Report how many lines contain the word "Jeep" in the listing that follows. Give nothing besides the number.

- Opening Delimiter -

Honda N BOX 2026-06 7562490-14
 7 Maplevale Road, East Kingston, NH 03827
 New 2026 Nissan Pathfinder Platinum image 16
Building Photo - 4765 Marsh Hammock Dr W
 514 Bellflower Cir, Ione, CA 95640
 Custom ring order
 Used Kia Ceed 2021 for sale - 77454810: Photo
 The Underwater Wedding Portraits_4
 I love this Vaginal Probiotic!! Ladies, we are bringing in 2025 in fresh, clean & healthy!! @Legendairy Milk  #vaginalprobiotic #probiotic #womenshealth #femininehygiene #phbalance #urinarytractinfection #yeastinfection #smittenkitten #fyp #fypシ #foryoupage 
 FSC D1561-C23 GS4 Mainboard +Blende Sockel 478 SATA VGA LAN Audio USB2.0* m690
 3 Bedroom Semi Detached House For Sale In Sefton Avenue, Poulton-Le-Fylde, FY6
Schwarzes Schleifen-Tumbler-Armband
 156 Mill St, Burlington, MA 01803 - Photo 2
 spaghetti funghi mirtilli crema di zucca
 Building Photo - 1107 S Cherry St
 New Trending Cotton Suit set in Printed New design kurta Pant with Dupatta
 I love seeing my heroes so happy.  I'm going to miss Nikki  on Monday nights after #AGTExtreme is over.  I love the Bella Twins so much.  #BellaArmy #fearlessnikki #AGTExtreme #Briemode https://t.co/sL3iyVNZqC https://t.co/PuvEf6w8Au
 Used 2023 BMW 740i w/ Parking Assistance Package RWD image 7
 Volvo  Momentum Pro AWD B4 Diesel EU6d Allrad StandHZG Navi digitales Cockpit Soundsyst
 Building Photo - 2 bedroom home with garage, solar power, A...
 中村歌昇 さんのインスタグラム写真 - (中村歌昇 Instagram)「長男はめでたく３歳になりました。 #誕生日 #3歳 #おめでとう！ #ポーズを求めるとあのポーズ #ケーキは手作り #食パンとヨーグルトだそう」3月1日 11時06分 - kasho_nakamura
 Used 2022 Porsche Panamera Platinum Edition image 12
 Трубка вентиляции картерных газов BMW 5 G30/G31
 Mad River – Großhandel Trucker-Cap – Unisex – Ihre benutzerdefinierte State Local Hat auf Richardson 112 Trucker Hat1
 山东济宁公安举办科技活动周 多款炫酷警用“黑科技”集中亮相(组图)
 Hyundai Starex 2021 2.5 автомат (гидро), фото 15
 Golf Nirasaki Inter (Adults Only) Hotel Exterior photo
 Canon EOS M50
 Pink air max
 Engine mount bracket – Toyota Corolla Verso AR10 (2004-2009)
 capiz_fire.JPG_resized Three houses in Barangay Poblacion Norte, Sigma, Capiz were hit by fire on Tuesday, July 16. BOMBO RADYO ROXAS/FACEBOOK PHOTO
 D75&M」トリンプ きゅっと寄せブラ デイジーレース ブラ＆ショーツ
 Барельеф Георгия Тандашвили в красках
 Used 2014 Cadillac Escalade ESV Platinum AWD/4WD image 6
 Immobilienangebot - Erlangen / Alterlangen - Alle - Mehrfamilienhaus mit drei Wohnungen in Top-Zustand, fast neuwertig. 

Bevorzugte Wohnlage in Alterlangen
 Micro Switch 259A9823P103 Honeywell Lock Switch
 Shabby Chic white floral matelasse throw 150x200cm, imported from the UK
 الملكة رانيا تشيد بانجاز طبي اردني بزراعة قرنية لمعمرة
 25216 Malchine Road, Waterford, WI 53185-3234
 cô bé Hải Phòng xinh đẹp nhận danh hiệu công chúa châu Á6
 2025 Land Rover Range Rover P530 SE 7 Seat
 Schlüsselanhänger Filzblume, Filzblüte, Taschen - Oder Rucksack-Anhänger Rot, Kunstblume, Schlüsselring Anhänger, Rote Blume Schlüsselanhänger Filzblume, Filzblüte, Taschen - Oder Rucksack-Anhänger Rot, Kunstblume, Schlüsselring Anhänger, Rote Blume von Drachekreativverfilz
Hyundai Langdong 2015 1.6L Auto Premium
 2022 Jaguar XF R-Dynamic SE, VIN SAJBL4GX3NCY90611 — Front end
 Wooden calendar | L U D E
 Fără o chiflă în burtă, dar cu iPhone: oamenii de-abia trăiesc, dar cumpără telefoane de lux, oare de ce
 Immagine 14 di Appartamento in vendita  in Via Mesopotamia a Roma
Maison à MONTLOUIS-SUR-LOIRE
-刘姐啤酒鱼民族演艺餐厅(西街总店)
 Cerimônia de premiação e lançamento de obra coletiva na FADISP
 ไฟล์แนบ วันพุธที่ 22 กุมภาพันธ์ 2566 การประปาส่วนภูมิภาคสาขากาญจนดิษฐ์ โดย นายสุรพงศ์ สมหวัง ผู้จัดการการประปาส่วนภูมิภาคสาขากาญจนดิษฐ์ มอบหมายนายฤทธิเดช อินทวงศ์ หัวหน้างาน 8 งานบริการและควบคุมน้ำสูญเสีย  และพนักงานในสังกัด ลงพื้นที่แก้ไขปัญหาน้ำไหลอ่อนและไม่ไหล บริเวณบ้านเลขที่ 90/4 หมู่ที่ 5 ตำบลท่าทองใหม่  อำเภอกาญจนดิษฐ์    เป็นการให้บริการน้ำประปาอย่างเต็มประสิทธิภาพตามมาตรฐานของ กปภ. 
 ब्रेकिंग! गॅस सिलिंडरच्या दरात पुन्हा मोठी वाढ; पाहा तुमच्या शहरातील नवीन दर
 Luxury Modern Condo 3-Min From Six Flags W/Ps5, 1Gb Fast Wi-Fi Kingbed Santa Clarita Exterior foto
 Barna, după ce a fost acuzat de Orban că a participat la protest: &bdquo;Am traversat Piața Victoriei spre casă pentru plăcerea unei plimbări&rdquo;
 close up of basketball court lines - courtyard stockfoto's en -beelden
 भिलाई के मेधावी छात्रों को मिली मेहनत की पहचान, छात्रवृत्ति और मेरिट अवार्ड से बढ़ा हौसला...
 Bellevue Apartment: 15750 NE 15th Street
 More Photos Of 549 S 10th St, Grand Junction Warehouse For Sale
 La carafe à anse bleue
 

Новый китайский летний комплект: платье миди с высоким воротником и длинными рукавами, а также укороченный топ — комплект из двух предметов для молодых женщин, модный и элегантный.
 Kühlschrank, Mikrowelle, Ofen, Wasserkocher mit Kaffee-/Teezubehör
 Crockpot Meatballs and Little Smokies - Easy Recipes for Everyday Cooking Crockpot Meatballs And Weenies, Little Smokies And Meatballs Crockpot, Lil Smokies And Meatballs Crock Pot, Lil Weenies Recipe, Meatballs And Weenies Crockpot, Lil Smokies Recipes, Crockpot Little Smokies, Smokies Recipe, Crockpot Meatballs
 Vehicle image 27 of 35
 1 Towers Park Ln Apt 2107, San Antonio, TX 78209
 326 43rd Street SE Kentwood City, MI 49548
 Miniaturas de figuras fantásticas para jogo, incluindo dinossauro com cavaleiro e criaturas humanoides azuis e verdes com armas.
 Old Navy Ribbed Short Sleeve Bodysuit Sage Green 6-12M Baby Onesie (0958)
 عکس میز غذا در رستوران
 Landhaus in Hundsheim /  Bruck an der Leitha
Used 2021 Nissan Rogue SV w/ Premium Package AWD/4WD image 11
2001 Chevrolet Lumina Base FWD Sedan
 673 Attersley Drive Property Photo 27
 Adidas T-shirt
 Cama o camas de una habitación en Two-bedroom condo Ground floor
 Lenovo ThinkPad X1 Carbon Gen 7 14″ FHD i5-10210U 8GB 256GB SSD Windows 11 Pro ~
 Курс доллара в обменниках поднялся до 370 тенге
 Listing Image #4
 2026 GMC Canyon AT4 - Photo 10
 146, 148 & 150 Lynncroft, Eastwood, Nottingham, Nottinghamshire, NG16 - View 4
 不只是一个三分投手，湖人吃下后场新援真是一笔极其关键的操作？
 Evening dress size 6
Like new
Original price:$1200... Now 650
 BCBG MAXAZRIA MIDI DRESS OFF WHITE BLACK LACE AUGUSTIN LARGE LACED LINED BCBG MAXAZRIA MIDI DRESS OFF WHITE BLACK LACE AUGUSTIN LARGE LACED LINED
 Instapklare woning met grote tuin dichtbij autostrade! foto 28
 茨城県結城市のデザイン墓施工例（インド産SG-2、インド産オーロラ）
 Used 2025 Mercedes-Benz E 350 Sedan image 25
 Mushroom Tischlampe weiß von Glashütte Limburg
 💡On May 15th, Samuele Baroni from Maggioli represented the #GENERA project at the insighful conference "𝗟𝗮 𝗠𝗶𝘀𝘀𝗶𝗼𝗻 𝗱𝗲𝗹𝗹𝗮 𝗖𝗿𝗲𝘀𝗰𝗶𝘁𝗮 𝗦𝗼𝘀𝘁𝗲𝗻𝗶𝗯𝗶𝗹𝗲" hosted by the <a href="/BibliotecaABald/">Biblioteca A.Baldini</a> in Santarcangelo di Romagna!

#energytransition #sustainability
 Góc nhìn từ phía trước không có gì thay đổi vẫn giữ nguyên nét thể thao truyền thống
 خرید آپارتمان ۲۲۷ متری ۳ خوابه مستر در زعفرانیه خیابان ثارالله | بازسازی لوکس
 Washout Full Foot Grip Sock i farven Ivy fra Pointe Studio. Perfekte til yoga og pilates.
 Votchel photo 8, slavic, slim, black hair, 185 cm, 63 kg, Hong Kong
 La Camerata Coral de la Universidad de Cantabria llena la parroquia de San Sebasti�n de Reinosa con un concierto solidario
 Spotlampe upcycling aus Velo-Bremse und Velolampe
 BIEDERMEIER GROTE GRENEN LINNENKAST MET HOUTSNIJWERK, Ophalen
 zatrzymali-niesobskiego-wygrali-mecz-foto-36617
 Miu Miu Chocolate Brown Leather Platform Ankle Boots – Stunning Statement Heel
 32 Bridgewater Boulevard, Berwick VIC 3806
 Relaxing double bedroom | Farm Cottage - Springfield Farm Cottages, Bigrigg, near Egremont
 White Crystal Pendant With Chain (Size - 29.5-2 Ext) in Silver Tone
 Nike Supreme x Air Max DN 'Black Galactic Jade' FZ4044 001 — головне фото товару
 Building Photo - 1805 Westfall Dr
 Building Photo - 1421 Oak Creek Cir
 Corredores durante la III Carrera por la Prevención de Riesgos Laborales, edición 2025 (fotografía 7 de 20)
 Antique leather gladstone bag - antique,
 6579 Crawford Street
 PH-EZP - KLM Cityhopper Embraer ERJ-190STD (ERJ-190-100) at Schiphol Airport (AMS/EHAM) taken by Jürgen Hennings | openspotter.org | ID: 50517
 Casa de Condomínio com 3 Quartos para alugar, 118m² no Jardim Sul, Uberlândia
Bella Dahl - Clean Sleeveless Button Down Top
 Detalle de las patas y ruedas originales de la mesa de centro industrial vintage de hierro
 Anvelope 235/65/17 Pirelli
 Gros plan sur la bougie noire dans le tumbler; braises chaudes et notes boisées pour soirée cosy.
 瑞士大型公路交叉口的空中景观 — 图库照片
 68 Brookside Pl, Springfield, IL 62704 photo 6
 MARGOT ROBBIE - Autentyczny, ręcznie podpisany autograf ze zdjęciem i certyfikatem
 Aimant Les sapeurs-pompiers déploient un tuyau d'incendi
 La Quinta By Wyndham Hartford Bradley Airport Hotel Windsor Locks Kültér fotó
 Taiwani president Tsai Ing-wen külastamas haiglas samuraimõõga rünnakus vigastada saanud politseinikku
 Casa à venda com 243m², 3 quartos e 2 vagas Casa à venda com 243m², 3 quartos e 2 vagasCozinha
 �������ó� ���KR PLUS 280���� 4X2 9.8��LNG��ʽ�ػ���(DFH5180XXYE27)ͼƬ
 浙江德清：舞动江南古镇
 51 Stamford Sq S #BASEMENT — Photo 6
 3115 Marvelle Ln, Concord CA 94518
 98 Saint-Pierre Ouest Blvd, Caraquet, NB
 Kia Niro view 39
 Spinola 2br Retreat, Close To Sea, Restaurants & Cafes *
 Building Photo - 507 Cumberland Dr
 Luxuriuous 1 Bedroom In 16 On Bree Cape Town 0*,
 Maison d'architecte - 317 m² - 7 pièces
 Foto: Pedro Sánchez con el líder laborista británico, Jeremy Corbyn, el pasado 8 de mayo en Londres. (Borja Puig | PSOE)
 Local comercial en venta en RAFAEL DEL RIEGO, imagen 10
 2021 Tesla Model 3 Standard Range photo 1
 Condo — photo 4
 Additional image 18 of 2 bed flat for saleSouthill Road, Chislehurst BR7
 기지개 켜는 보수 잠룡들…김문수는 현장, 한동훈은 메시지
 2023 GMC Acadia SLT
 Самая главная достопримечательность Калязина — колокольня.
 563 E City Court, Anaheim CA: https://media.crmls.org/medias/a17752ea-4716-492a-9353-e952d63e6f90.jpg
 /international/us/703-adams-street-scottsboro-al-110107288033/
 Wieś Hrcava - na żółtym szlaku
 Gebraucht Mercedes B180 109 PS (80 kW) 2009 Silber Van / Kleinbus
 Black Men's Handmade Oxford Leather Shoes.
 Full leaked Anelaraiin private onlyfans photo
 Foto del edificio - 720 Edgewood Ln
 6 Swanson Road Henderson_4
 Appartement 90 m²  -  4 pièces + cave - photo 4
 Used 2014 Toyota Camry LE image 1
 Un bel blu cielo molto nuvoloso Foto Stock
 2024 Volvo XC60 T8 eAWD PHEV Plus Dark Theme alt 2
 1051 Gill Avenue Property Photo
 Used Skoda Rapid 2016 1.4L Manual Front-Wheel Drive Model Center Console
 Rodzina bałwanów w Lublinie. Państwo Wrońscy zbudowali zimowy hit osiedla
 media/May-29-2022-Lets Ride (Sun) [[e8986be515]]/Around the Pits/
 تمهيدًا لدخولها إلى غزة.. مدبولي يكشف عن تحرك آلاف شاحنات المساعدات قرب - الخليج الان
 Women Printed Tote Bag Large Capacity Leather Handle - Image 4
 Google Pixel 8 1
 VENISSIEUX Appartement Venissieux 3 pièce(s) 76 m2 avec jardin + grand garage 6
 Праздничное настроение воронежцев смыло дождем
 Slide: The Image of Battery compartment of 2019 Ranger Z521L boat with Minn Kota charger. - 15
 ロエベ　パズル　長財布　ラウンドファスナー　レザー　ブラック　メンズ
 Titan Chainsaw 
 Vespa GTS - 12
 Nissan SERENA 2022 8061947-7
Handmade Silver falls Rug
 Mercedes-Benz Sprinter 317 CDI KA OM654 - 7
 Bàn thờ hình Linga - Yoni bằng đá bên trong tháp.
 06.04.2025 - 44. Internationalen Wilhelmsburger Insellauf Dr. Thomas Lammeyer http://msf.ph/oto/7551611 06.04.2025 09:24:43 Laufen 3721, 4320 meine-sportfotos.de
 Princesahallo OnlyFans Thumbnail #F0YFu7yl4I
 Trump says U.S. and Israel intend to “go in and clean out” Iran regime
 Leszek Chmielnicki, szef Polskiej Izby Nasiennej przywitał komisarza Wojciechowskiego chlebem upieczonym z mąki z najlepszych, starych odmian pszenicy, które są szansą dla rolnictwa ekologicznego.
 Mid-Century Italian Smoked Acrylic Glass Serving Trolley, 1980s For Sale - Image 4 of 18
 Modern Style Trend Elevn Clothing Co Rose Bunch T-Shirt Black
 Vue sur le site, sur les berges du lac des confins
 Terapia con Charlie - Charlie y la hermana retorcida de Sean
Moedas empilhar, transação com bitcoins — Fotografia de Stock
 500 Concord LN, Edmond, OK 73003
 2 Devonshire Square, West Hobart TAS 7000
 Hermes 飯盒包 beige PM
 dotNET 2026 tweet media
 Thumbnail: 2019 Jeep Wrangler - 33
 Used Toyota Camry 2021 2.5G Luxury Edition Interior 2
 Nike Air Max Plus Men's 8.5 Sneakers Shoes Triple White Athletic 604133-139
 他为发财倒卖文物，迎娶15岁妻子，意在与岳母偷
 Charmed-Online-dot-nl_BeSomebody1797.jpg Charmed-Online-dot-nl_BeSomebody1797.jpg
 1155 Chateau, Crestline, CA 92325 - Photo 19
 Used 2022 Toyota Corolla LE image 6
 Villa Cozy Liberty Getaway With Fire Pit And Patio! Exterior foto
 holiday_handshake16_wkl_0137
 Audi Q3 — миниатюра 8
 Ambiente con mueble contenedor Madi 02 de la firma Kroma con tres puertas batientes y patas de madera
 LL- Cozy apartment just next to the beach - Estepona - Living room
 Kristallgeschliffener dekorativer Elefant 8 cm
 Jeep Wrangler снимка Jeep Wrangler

- Closing Delimiter -

Output for this exercise
2